- What you should do
The line that contains "Newborn Disney baby" marks the end: retype the data below exactly from its first line through that line.

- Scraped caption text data
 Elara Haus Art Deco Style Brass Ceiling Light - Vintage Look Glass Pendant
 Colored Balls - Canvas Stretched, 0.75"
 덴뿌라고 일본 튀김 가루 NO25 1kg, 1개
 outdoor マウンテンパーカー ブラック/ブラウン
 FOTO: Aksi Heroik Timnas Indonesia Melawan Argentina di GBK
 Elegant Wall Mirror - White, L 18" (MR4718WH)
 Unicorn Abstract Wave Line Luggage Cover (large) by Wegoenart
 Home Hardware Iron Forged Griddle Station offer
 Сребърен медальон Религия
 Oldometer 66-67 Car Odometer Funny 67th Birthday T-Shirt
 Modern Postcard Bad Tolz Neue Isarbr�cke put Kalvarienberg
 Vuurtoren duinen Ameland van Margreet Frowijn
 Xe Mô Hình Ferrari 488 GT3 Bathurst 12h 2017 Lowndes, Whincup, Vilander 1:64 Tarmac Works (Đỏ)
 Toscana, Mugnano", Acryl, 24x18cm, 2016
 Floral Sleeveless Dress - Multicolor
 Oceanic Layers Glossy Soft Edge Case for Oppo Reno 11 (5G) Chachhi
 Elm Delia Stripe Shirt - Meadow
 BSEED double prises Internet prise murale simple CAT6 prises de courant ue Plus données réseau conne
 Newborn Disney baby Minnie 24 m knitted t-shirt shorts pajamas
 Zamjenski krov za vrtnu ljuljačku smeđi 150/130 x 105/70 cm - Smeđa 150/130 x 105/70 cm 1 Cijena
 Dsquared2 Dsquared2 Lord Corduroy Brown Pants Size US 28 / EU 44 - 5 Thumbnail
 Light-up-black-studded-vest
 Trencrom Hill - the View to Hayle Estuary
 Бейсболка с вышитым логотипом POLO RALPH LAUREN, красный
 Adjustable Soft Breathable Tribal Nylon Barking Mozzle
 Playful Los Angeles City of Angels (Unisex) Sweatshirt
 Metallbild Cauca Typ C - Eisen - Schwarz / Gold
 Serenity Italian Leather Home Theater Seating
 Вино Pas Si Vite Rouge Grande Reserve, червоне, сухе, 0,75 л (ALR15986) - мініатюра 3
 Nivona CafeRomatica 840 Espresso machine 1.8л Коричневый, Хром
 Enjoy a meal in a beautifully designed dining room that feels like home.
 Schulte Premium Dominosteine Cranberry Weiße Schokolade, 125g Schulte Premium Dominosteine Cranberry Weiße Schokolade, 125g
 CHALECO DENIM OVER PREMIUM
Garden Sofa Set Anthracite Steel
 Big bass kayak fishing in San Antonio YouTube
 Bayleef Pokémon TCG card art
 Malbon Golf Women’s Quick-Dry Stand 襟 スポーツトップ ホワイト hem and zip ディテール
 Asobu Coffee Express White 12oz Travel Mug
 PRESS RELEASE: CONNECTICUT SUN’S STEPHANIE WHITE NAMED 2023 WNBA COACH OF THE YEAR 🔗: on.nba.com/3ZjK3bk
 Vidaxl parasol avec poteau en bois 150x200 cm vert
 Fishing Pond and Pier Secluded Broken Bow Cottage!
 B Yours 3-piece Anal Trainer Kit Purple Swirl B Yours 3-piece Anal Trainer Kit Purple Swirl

- Expected answer
 Elara Haus Art Deco Style Brass Ceiling Light - Vintage Look Glass Pendant
 Colored Balls - Canvas Stretched, 0.75"
 덴뿌라고 일본 튀김 가루 NO25 1kg, 1개
 outdoor マウンテンパーカー ブラック/ブラウン
 FOTO: Aksi Heroik Timnas Indonesia Melawan Argentina di GBK
 Elegant Wall Mirror - White, L 18" (MR4718WH)
 Unicorn Abstract Wave Line Luggage Cover (large) by Wegoenart
 Home Hardware Iron Forged Griddle Station offer
 Сребърен медальон Религия
 Oldometer 66-67 Car Odometer Funny 67th Birthday T-Shirt
 Modern Postcard Bad Tolz Neue Isarbr�cke put Kalvarienberg
 Vuurtoren duinen Ameland van Margreet Frowijn
 Xe Mô Hình Ferrari 488 GT3 Bathurst 12h 2017 Lowndes, Whincup, Vilander 1:64 Tarmac Works (Đỏ)
 Toscana, Mugnano", Acryl, 24x18cm, 2016
 Floral Sleeveless Dress - Multicolor
 Oceanic Layers Glossy Soft Edge Case for Oppo Reno 11 (5G) Chachhi
 Elm Delia Stripe Shirt - Meadow
 BSEED double prises Internet prise murale simple CAT6 prises de courant ue Plus données réseau conne
 Newborn Disney baby Minnie 24 m knitted t-shirt shorts pajamas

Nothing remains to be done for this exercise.